Here’s just one example of how a vegetable garden can save you some cash. The 20-foot-by-30-foot production garden illustrated here highlights many favorite vegetables. There are also plans for succession cropping and interplanting. When I indicate succession crops, I’m assuming two crops in one growing season. I’m also assuming 8-foot-long raised beds planted in rows with space to walk between the beds.

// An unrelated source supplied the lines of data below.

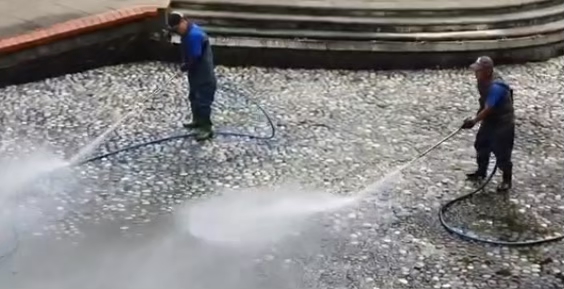 下大雨就淹水?水溝清淤一定要做|專業設備清水溝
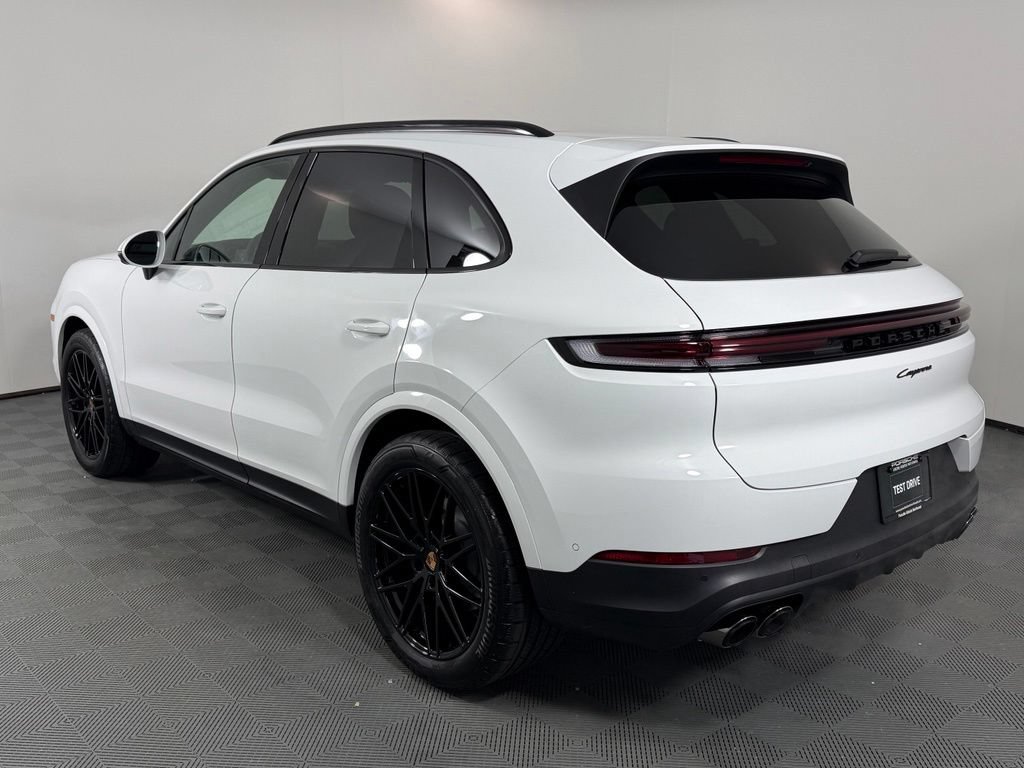New 2026 Porsche Cayenne AWD/4WD image 3
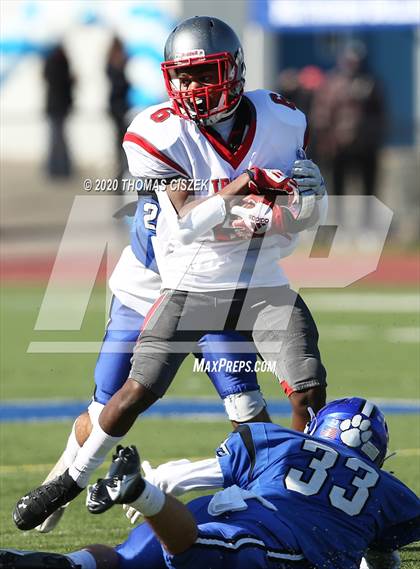 Thumbnail 1 in St. Thomas Aquinas vs Metuchen photogallery.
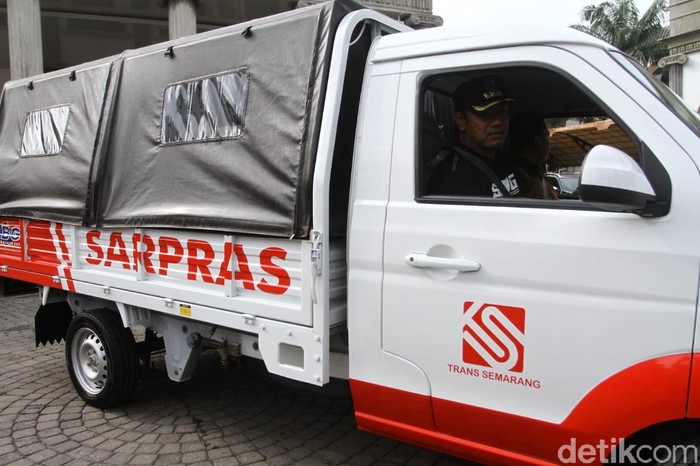 Mobil Esemka Kini Pakai BBG Mobil Esemka Bima 1.3 mengaspal di Kota Semarang. Mobil tersebut dimanfaatkan Pemerintah Kota Semarang untuk sarana prasarana dari Bus Rapid Transit (BRT) Trans Semarang. Ada dua mobil yang dibeli oleh Pemkot Semarang dan dimodifikasi dengan ditambah power steering serta tutup pada bagian bak terbukanya. Selain itu mobil bermesin 1.300 CC itu juga dimodifikasi mendukung Bahan Bakar Gas (BBG).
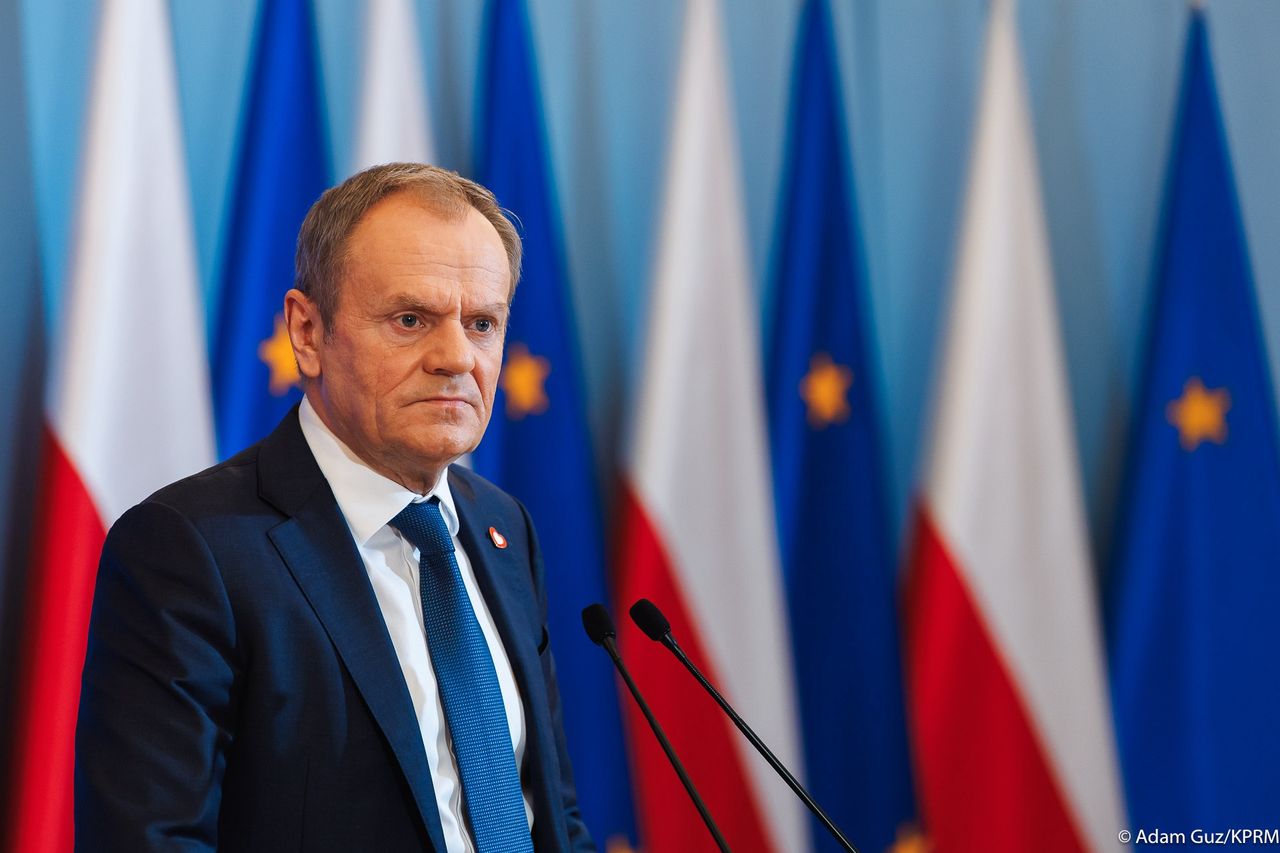 "Financial Times" o zmianie rządu w Polsce. "Demokracja potrafi się odgryźć"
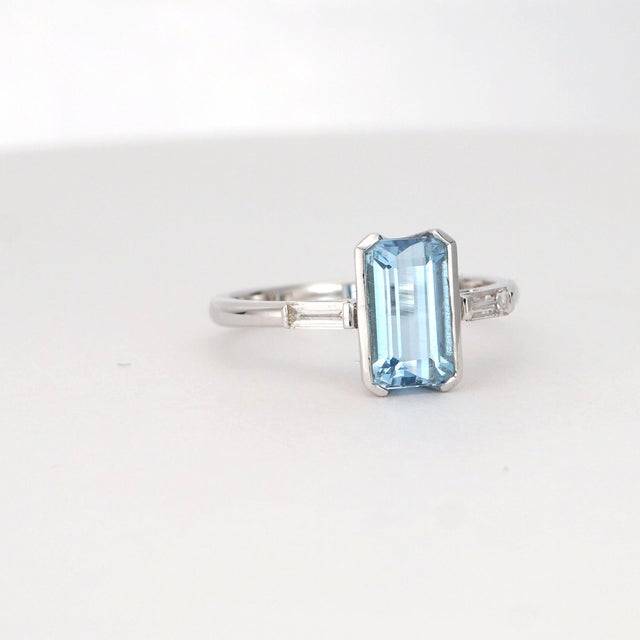 14k White Gold Ring With Octagon Aquamarine and Diamonds For Sale - Image 16 of 18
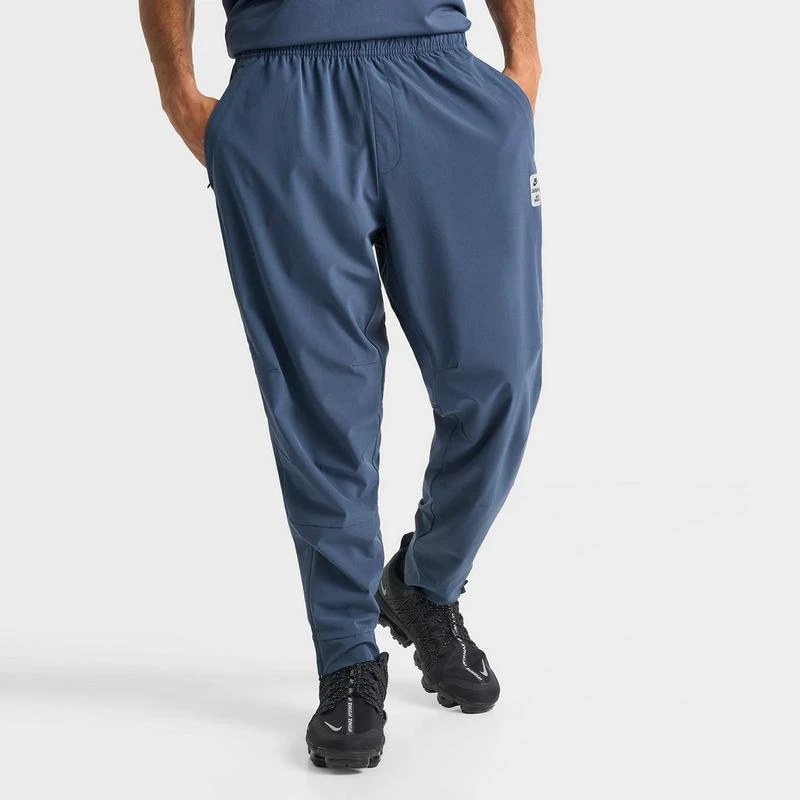 NIKE Men
s Nike Air Max Stretch-Woven Pants 3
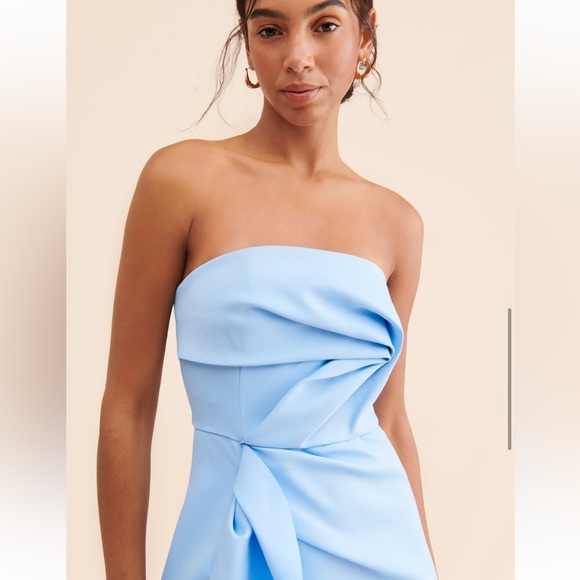 Elliatt Beryl Strapless Dress - Picture 3 of 12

To show you how this garden saves you money, the following list provides vegetable yields and the price per pound of each crop. However, keep in mind that these are general averages. I’ve erred on the conservativeside with many yields. Yields, after all, can vary depending on your location, variety, and how well the crops grow. The prices are based on national average prices from the USDA Agricultural Marketing Service for those vegetables grown organically in summer. Again, these numbers may vary depending on the year and location in the country. However, even with all these variables, you can see that you can grow more than 300 pounds of produce worth more than $600 just by working your own garden!
|Vegetable||Yields||Dollars per Pound||Value|
|Peas (double row)||8 pounds||$3||$24|
|Pole beans||12 pounds||$1.50||$18|
|Summer squash/zucchini||25 pounds||$2||$50|
|Sweet corn (50 ears)||17 pounds||$.50/each||$25|
|Winter squash (bush)||15 pounds||$2||$30|
If you grew the garden illustrated here, it would yield 350 pounds of vegetables. If you went and purchased all those 350 pounds of vegetables in a grocery store, you’d have to pay more than $600 dollars. This garden costs only about $70 to plant. So you’re saving money and getting great food to eat.
Adapted from Vegetable Gardening for Dummies (Wiley Publisher, 2009).